Congress left town for the month-long August recess having failed four times to act on a popular package of tax cuts that are set to expire at the end of 2008. With only three weeks in session left in September before the door is expected to close on the 110th Congress, and with remaining differences between opposing sides, there is still significant work to be done before $123 billion in tax cuts can become law. The hold-up in Congress on this legislation is once again the U.S. Senate. During June and July, the Senate voted four times to begin debate on the tax "extenders," a $123 billion tax cut proposal over the next ten years. The latest version of this proposal includes a one-year "patch" for the Alternative Minimum Tax (AMT) and $56 billion in other tax cuts that will benefit a wide variety of individuals and businesses, from motor sport race track operators to married couples, from teachers to mine operators, and from anyone who pays state and local sales taxes to children's toy arrow producers.
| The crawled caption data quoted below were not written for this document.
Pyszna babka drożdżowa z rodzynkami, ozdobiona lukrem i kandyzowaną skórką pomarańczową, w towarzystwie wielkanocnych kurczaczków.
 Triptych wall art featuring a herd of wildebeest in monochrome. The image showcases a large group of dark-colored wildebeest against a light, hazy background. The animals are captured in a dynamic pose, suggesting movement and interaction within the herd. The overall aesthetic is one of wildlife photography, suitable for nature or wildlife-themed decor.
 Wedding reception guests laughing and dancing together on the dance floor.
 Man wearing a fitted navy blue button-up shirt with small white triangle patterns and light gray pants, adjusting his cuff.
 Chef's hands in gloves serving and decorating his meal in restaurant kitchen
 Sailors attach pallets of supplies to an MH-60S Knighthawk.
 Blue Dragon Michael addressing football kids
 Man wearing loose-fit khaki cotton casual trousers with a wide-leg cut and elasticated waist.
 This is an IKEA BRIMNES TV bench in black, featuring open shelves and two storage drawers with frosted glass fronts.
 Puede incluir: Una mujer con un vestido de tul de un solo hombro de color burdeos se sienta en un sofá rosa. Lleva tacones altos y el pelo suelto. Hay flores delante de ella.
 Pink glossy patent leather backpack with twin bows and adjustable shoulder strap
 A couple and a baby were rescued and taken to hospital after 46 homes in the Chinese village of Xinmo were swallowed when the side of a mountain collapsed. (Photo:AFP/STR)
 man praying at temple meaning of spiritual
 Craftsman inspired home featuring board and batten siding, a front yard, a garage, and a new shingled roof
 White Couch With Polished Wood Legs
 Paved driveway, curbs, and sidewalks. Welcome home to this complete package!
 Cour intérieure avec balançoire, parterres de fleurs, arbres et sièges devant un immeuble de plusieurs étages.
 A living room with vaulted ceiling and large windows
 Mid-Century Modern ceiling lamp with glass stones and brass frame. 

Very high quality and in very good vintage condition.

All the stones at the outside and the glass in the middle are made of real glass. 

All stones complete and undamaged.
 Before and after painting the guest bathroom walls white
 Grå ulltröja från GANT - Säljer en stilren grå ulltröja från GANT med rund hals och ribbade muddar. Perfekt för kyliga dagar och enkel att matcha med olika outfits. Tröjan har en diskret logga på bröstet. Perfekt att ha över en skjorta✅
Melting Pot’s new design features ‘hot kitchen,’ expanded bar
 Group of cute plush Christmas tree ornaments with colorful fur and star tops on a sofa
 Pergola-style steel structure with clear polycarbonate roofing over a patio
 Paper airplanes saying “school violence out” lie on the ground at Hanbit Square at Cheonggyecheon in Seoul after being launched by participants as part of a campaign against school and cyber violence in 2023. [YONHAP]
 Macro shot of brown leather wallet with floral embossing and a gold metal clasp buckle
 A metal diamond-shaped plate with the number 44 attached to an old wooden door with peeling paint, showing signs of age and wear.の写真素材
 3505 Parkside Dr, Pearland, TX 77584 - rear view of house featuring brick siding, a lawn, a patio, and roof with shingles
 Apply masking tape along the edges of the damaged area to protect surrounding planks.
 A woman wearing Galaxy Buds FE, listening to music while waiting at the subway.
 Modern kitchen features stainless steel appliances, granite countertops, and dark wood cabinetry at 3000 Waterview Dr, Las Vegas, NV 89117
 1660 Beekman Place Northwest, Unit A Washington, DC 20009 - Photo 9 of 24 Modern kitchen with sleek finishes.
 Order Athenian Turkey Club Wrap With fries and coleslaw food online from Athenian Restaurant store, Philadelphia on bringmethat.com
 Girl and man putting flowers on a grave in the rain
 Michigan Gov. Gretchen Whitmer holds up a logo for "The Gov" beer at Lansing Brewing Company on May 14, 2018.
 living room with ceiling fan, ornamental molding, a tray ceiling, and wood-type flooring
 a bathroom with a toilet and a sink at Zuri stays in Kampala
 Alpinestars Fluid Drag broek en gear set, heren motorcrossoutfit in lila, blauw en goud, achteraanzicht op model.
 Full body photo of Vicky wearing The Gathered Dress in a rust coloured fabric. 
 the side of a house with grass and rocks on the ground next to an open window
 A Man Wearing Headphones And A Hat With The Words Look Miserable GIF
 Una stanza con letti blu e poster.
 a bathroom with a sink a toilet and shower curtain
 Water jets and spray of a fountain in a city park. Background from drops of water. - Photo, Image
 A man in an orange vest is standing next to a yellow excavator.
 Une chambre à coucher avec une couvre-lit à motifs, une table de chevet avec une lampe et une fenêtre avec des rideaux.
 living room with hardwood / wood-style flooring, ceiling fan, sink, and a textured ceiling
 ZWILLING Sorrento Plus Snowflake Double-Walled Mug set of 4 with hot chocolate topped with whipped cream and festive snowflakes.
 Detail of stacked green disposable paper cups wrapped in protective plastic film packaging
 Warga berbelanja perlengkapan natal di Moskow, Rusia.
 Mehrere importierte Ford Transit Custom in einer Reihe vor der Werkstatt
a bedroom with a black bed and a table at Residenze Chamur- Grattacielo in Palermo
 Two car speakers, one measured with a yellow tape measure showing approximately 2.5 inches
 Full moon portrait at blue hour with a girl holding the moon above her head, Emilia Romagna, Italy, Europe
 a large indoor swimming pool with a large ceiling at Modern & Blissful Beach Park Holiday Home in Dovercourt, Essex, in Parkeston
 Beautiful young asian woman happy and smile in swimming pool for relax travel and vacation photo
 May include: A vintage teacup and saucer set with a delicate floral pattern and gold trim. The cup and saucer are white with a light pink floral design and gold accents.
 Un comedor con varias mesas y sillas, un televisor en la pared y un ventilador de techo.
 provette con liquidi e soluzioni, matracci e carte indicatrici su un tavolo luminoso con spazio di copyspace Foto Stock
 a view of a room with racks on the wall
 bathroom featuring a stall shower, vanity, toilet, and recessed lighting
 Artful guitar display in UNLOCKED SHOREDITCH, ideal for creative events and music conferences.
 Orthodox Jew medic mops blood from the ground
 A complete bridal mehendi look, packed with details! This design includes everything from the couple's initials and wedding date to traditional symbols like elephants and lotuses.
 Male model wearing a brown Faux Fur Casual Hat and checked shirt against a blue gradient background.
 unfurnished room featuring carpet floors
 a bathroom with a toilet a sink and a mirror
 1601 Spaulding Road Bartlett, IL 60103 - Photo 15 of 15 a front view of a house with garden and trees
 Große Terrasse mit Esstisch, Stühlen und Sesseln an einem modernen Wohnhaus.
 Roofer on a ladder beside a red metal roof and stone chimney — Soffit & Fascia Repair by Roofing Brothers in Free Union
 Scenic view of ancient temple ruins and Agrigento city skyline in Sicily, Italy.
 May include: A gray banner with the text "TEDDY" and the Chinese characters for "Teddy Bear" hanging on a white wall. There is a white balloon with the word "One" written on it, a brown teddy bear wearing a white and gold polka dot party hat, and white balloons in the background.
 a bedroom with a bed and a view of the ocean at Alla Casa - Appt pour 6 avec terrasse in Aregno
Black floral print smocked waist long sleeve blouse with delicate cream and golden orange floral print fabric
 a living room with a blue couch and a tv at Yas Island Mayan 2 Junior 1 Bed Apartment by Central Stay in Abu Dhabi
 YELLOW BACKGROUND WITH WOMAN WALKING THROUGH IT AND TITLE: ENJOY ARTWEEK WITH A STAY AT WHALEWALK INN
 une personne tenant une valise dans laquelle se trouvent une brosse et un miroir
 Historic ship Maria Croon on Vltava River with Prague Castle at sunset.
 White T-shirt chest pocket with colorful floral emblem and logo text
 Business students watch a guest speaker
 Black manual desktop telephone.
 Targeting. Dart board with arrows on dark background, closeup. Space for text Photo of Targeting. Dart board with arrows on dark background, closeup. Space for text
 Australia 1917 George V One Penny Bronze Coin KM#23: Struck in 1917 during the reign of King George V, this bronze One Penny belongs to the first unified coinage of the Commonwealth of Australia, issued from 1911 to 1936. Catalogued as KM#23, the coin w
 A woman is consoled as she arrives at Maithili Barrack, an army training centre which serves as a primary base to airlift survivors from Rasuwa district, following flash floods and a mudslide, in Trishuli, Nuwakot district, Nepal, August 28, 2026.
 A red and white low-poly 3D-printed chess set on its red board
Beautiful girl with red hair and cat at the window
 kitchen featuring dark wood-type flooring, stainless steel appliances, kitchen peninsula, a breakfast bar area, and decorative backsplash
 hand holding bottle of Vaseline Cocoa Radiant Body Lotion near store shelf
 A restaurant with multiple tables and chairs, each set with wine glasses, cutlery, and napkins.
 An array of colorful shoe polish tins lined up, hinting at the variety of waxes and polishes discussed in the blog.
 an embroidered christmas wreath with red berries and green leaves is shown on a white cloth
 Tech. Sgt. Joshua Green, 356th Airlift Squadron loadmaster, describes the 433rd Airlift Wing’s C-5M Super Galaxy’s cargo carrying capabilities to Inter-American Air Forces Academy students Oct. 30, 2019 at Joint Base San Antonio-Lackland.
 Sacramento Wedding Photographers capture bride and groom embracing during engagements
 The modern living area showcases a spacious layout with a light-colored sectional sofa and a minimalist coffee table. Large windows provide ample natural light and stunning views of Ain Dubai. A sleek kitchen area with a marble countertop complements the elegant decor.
With minor exceptions, the underlying tax cuts within the package are widely supported by both Republicans and Democrats. To be sure, some of the tax cuts have likely lost their usefulness in a wider economic context, and Congress failed again to adequately review whether some aspects of the bundled "extenders" package should be discontinued. At this point in the congressional calendar, the opportunity for such a needed review has passed. Delay in enacting this bill is not due to its content, but rather Democrats' attempts to structure it as a fiscally responsible piece of legislation.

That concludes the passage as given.